3 pre-trained models on ImageNet from Torchvision

In [None]:
device = torch.device("cuda" if torch.cuda.is_available() else "cpu")

models = {
    "ResNet50": torchvision.models.resnet50(weights='IMAGENET1K_V1').to(device).eval(),
    "ViT-B/16": torchvision.models.vit_b_16(weights='IMAGENET1K_V1').to(device).eval(),
    "EffNet-B3": torchvision.models.efficientnet_b3(weights='IMAGENET1K_V1').to(device).eval(),
}

Downloading: "https://download.pytorch.org/models/resnet50-0676ba61.pth" to /root/.cache/torch/hub/checkpoints/resnet50-0676ba61.pth


100%|██████████| 97.8M/97.8M [00:00<00:00, 153MB/s]


Downloading: "https://download.pytorch.org/models/vit_b_16-c867db91.pth" to /root/.cache/torch/hub/checkpoints/vit_b_16-c867db91.pth


100%|██████████| 330M/330M [00:05<00:00, 65.9MB/s]

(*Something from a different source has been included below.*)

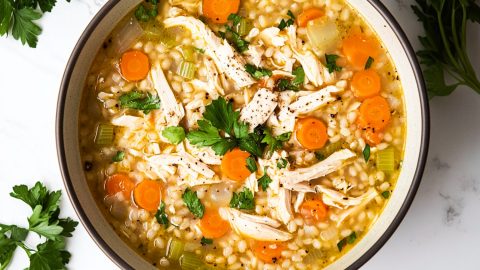 A vibrant bowl of chicken barley soup with colorful vegetables,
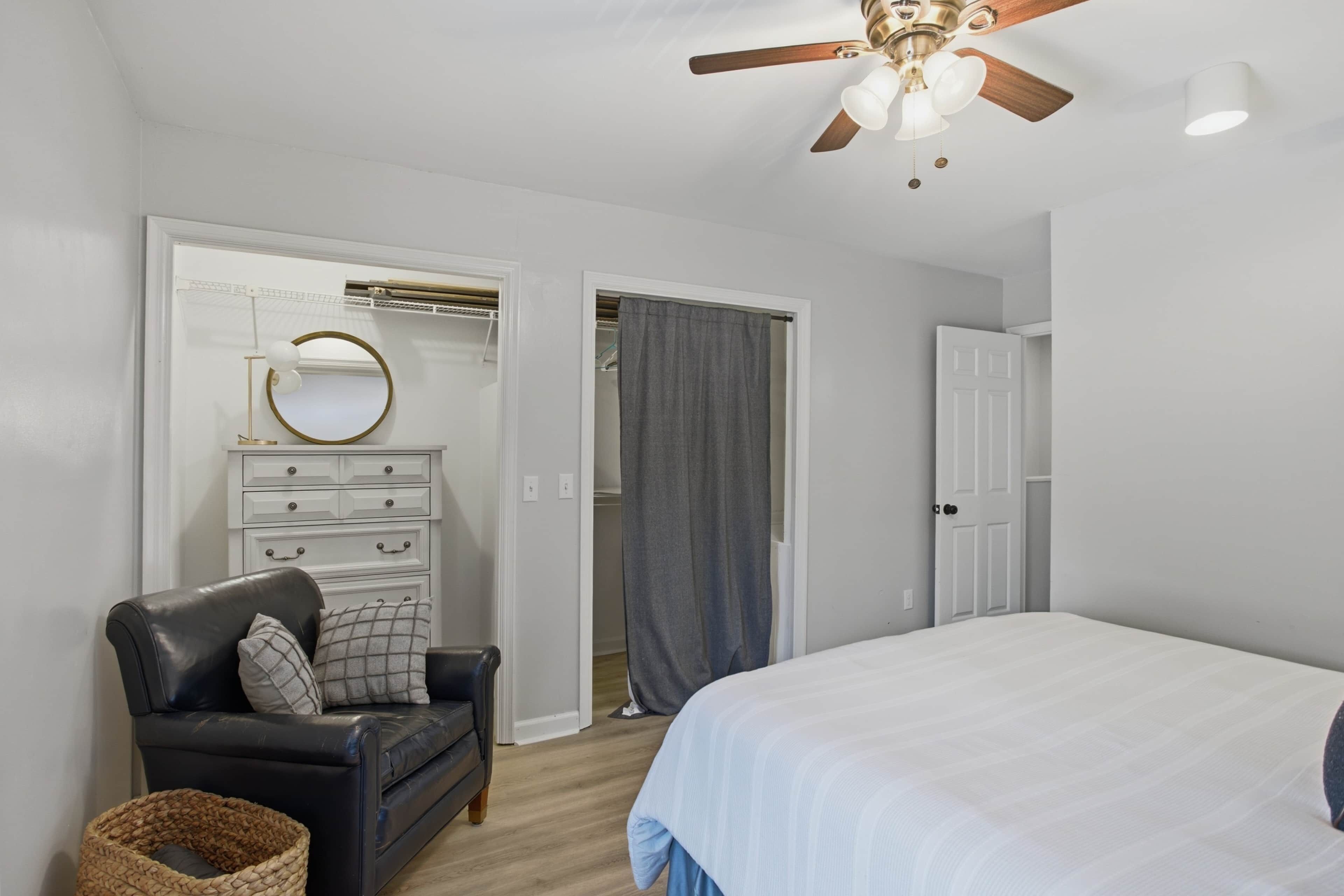 Ein Schlafzimmer mit Bett, Sessel, Kommode, Deckenventilator und Schrank.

Downloading: "https://download.pytorch.org/models/efficientnet_b3_rwightman-b3899882.pth" to /root/.cache/torch/hub/checkpoints/efficientnet_b3_rwightman-b3899882.pth


100%|██████████| 47.2M/47.2M [00:00<00:00, 165MB/s]


In [None]:
from tqdm.auto import tqdm

@torch.no_grad()
def evaluate(model, loader):
    correct, total = 0, 0
    for imgs, labels in tqdm(loader, desc="Evaluating"):
        imgs, labels = imgs.to(device), labels.to(device)
        outputs = model(imgs)
        preds = outputs.argmax(dim=1)
        correct += (preds == labels).sum().item()
        total += labels.size(0)
    return correct / total

In [None]:
results = {}
for name, model in models.items():
    print(f"Evaluating {name}...")
    acc = evaluate(model, sketch_loader)
    results[name] = acc
    print(f"{name}: {acc*100:.2f}%\n")

# Base Model performance

To evaluate these performances against their base result for ImageNet dataset, I took the accuracies as reported for ImageNet-1K from PyTorch documentation [[link]](https://docs.pytorch.org/vision/main/models.html#table-of-all-available-classification-weights).

In [None]:
imagenet_baseline = {
    "ResNet50": 76.13,
    "ViT-B/16": 81.072,
    "EffNet-B3": 82.008,
}

print("\n--- Results ---")
for name in results:
    drop = imagenet_baseline[name] - results[name]*100
    print(f"{name}: Sketch Acc = {results[name]*100:.2f}%, "
          f"Baseline = {imagenet_baseline[name]:.1f}%, "
          f"Drop = {drop:.2f}%")


--- Results ---
ResNet50: Sketch Acc = 24.09%, Baseline = 76.1%, Drop = 52.04%
ViT-B/16: Sketch Acc = 29.41%, Baseline = 81.1%, Drop = 51.66%
EffNet-B3: Sketch Acc = 34.09%, Baseline = 82.0%, Drop = 47.92%


**For each of these models, to what extent does the performance drop due to the shift in distribution?**

Looking at these performance numbers as compared to base accuracies from PyTorch documentation, all of the models had roughly $\approx50\%$ drop in the accuracies.